The global market of pain killers is estimated to be as large as 100 billion USD per year. Considering the market is currently prevailed with cheap generic pain killers with moderate efficacy or compromised safety, however, the market potential is certainly far larger. Lack of safe and effective pain killers triggered the outbreak of opioid crisis. There are huge unmet medical needs for pain killers with strong efficacy and good safety.
People with a loss-of-function mutation of the SCN9A gene (i.e., SCN9A channelopathy) were found insensitive to pain but with other sensory functions undisturbed. Since the SCN9A gene encodes Nav1.7 sodium ion channel subtype, a selective inhibitor of Nav1.7 has been implicated to effectively and safely treat pain. Unfortunately, there are ca 10 sodium ion channels structurally indistinguishable with small molecule inhibitors. Although small molecule inhibitors of Nav1.7 have been avidly evaluated, none have manifested strong analgesic efficacy and good safety.
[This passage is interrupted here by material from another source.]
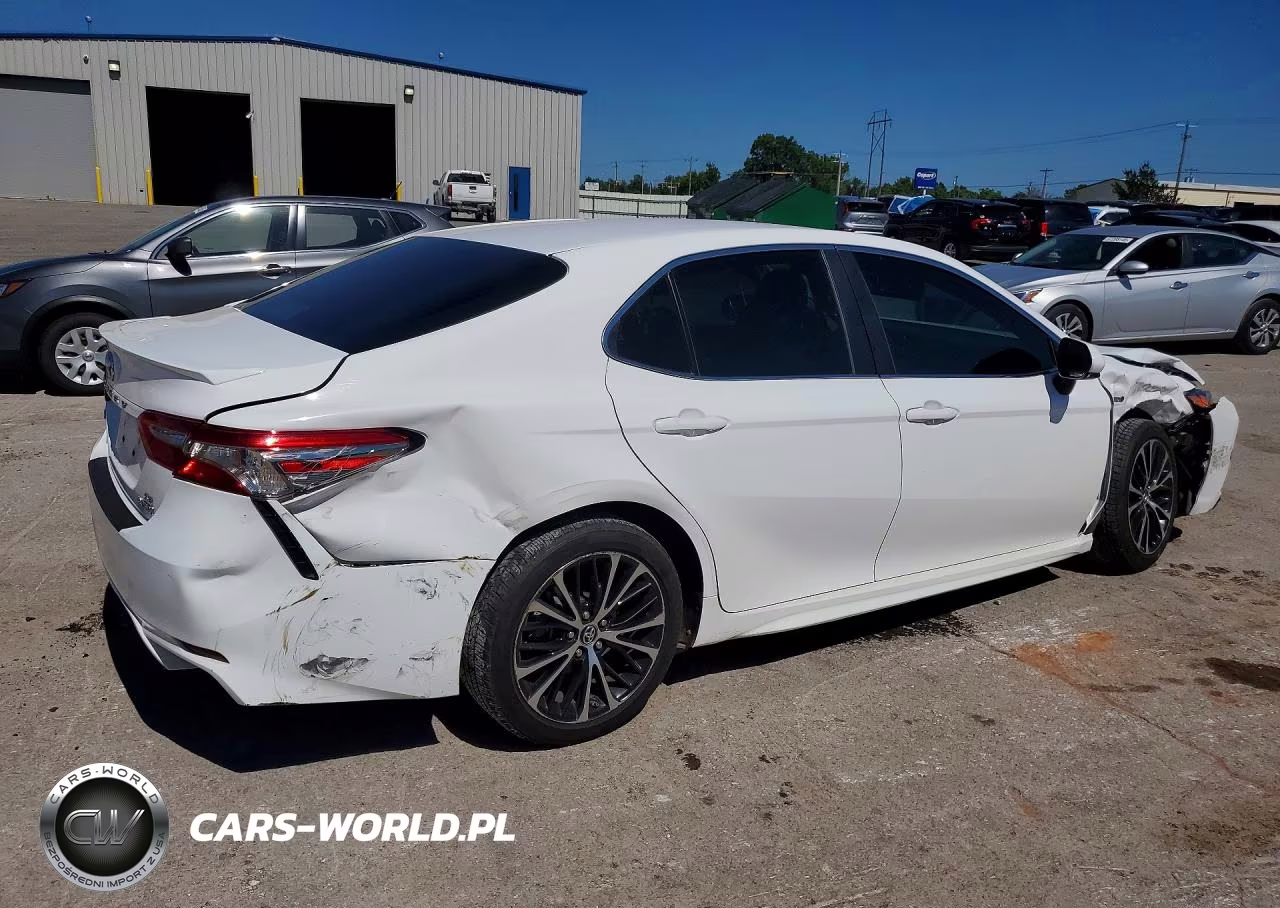 2018 Toyota Camry Hybrid Se VIN:4T1B21HK0JU003341 - 3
“OLP-1002 is an SCN9A antisense peptide nucleic acid (PNA) and selectively inhibits the expression of Nav1.7 sodium channel, and therefore expected to replicate much of the phenotype of people with SCN9A channelopathy. Early readouts from the ongoing Phase 2a trial are consistent with our expectations for OLP-1002 as a selective inhibitor of Nav1.7 sodium channel.”, said Dr. Shin Chung, CEO of OliPass Corporation. “Even though the early readouts may look very promising, the therapeutic profile of OLP-1002 has yet to be validated by a placebo-controlled evaluation in a larger number of patients.”, added Dr. Chung.
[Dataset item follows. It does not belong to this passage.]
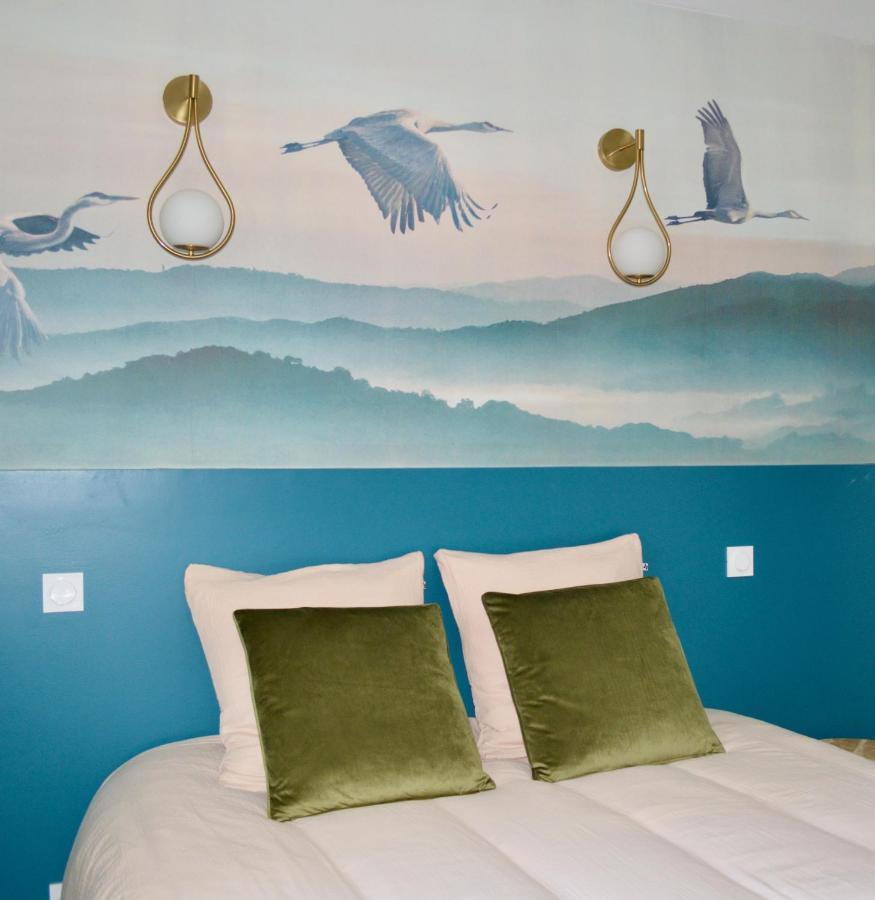 La Pichonniere Bed & Breakfast Isigny-le-Buat Екстериор снимка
(About OliPass Corporation) OliPass Corporation is a public biotech company listed in KOSDAQ in South Korea (ticker: KQ244460). The company is developing RNA therapeutics based on its proprietary oligonucleotide platform called OPNA (Olipass Peptide Nucleic Acid). OPNA was derived from PNA by rational chemical modifications in order to improve the cell permeability and RNA affinity. For therapeutic intervention, OPNA potently binds to target pre-mRNA, induces exon skipping, and yields mRNA splice variant. Unlike other types of RNA therapeutics, OPNA does not require formulational aid for in vivo therapeutic activity.